The DataLift project will no doubt produce some useful tools and output but reading its self-description:
The project will provide tools allowing to facilitate each step of the publication process:
- selecting ontologies for publishing data
- converting data to the appropriate format (RDF using the selected ontology)
- publishing the linked data
- interlinking data with other data sources
I am struck by how futile the effort sounds in the face of petabytes of data flow, changing semantics of that data and changing semantics of other data, with which it might be interlinked.
The nearest imagery I can come up with is trying to direct the flow of a tsunami with a roll of paper towels.
It is certainly brave (I forgo usage of the other term) to try but ultimately isn’t very productive.
First, any scheme that start with conversion to a particular format is an automatic loser.

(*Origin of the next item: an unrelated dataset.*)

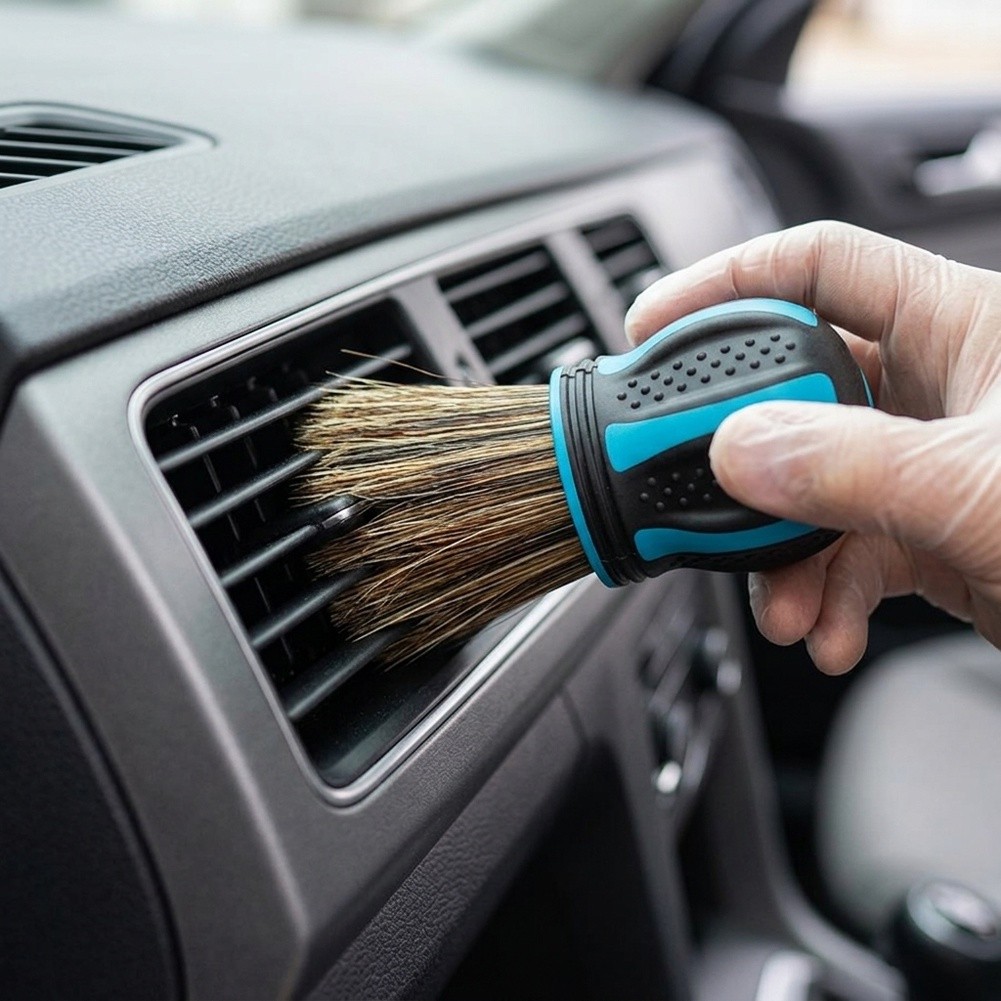 Dirt Brush Interior - Brosse de détail intérieur pour l'entretien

The source format is itself composed of subjects that are discarded by the conversion process.
Moreover, what if we disagree about the conversion?
Remember all the semantic diversity that gave rise to this problem? Where did it get off to?

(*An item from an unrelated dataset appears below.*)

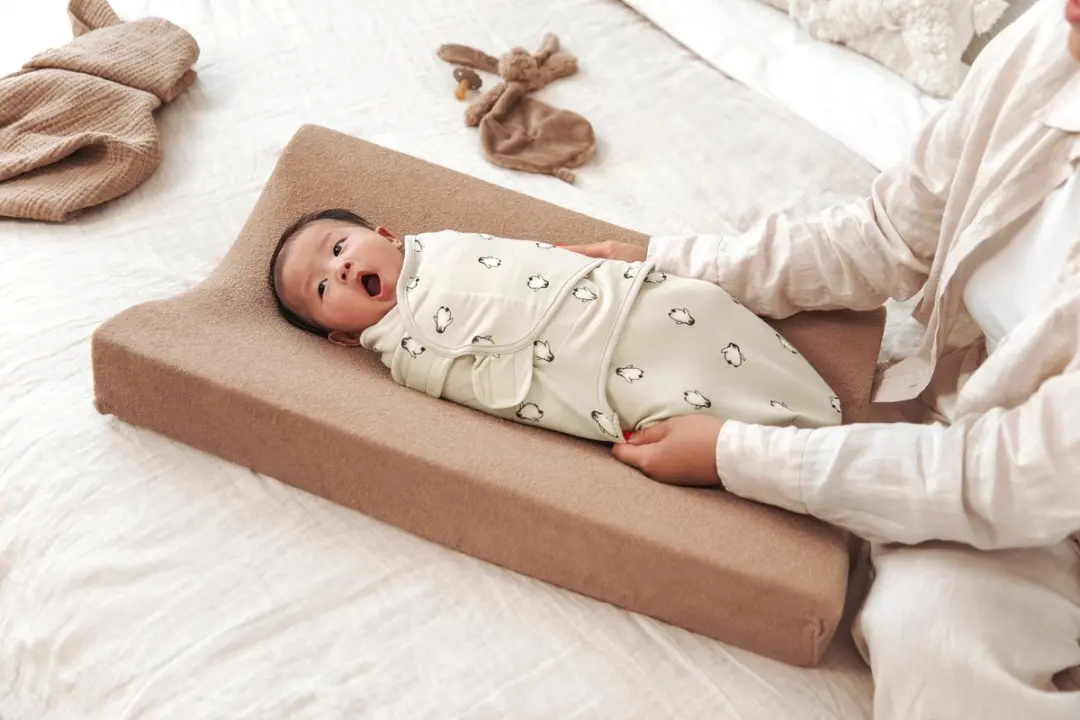 Meyco Baby Penguin SwaddleMey Inbakerdoek 1.0 TOG - Soft Sand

Second, the interlinking step introduces brittleness into the process.
Both in terms of the ontology that any particular data must follow but also in terms of resolution of any linkage.
Other data sources can only be linked in if they use the correct ontology and format. And that assumes they are reachable.
I hope the project does well, but at best it will result in another semantic flavor to be integrated using topic maps.
*****
PS: The use of data heaven betrays the religious nature of the Linked Data movement. I don’t object to Linked Data. What I object to is the missionary conversion aspects of Linked Data.